WORK REQUIRED
Please repeat, unchanged, the lines at the top of the listing below, ending with the one that has "Immagine nº 3".

DATA SHOWN
++++++++++

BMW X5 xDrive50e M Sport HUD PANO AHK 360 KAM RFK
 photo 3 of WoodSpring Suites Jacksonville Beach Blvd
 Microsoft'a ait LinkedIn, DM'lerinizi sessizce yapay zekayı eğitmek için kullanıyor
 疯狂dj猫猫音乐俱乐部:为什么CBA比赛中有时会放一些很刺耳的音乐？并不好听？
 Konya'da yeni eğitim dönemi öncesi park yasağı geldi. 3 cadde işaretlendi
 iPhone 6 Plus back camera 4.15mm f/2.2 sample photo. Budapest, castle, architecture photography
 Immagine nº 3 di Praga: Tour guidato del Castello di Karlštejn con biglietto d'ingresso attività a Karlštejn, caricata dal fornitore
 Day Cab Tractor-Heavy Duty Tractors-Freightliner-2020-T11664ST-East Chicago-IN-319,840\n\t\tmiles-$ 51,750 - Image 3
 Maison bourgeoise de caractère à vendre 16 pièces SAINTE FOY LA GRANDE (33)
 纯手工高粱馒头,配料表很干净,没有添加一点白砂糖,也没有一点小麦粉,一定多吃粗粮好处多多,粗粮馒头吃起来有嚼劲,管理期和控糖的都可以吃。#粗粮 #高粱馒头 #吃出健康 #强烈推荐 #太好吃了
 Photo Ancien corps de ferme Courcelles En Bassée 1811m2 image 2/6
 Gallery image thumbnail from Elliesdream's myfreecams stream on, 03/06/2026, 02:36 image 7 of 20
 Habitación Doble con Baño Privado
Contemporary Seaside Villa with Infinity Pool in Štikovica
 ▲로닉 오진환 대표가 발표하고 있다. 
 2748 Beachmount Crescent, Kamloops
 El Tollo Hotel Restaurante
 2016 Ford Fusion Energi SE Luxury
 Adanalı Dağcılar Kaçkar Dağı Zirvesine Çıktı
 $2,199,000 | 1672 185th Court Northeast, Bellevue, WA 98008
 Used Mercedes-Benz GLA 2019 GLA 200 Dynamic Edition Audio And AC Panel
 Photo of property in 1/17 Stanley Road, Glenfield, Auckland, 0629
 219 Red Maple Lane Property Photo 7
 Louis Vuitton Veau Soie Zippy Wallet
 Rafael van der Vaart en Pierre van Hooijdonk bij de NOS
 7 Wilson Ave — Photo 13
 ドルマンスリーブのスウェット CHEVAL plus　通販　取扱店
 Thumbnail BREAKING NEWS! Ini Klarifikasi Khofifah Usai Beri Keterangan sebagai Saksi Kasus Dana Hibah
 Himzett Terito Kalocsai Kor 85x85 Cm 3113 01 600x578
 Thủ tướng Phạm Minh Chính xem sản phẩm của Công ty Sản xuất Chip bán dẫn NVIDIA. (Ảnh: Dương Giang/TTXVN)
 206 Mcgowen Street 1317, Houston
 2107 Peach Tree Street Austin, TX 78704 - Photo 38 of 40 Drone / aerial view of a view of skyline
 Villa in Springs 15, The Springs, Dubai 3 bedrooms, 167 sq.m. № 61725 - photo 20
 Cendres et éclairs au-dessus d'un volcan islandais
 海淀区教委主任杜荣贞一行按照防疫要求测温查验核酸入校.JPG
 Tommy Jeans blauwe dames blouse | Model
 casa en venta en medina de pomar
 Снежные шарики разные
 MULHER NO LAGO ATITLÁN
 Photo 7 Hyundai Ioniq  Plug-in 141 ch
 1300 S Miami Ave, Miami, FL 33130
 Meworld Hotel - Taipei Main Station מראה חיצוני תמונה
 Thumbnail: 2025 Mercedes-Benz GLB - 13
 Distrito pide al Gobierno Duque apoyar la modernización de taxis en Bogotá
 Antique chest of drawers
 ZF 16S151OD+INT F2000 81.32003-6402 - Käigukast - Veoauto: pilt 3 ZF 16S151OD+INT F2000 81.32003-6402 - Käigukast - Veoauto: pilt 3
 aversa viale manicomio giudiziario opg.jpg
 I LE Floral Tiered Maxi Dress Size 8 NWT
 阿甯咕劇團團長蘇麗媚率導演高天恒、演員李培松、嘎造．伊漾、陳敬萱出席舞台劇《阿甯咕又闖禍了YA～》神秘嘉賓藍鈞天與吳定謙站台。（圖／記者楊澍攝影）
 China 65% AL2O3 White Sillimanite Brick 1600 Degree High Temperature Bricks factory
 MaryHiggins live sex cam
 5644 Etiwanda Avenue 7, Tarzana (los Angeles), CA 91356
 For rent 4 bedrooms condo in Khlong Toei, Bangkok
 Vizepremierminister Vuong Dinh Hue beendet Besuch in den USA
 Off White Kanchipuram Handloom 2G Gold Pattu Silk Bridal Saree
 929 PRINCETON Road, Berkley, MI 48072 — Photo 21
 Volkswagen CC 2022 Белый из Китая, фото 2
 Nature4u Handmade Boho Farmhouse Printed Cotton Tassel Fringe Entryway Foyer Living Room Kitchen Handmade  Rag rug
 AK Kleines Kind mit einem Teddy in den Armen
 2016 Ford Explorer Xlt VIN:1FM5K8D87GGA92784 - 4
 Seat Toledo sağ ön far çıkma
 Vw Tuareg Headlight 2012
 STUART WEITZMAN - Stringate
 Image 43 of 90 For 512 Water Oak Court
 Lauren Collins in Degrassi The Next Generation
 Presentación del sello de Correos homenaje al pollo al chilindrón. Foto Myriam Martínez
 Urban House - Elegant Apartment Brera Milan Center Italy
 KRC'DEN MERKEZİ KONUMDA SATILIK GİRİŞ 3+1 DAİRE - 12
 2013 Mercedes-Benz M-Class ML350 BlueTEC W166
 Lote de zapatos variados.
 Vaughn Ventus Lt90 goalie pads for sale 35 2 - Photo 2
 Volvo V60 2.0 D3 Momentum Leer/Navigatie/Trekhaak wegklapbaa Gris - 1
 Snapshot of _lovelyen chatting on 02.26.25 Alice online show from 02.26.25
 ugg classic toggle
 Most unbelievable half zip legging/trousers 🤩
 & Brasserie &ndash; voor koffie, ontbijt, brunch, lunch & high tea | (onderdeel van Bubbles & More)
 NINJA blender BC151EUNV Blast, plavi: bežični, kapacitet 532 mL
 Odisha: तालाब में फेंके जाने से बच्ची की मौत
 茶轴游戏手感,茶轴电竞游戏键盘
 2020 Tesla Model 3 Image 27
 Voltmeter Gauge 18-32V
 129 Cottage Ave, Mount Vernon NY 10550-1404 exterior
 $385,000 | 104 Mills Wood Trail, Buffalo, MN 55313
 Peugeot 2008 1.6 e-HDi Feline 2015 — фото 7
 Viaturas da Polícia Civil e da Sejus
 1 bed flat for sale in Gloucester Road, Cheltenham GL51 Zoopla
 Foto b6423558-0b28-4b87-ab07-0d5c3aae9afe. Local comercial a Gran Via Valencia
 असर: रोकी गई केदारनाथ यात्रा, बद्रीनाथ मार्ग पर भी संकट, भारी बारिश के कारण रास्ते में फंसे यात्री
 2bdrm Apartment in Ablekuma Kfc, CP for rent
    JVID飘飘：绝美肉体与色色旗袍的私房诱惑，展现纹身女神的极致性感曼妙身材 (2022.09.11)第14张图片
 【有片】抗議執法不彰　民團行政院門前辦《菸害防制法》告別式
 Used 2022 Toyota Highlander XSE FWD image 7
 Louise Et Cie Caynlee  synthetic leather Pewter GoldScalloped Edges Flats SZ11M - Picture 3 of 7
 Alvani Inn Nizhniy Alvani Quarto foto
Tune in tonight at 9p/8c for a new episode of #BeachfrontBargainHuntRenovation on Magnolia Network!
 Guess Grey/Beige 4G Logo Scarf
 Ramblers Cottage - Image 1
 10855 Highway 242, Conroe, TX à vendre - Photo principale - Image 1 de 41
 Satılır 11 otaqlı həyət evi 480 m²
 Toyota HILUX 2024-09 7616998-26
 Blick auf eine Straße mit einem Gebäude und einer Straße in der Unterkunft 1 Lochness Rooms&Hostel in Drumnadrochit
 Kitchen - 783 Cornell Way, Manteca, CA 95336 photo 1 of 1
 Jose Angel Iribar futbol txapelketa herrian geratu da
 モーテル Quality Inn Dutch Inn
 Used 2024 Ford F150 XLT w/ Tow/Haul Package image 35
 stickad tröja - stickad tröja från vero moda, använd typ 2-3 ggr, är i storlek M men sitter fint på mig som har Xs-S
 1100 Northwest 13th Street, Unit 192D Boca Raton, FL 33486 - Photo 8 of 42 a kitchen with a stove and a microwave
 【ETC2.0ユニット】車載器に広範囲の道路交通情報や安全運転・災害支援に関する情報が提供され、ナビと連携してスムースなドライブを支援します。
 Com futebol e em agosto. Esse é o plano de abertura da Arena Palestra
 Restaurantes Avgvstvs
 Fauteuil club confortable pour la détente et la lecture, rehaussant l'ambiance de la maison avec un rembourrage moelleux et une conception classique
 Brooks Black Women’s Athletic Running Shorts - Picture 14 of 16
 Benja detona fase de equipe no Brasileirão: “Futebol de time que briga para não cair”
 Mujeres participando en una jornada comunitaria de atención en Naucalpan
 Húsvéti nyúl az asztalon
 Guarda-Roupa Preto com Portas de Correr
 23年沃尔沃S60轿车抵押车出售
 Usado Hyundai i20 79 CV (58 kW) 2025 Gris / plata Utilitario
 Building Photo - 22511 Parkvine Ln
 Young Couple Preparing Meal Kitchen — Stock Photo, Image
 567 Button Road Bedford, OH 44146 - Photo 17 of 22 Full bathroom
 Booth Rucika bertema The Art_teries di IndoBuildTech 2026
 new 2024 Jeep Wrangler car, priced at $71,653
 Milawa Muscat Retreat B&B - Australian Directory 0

++++++++++

WORKED SOLUTION
BMW X5 xDrive50e M Sport HUD PANO AHK 360 KAM RFK
 photo 3 of WoodSpring Suites Jacksonville Beach Blvd
 Microsoft'a ait LinkedIn, DM'lerinizi sessizce yapay zekayı eğitmek için kullanıyor
 疯狂dj猫猫音乐俱乐部:为什么CBA比赛中有时会放一些很刺耳的音乐？并不好听？
 Konya'da yeni eğitim dönemi öncesi park yasağı geldi. 3 cadde işaretlendi
 iPhone 6 Plus back camera 4.15mm f/2.2 sample photo. Budapest, castle, architecture photography
 Immagine nº 3 di Praga: Tour guidato del Castello di Karlštejn con biglietto d'ingresso attività a Karlštejn, caricata dal fornitore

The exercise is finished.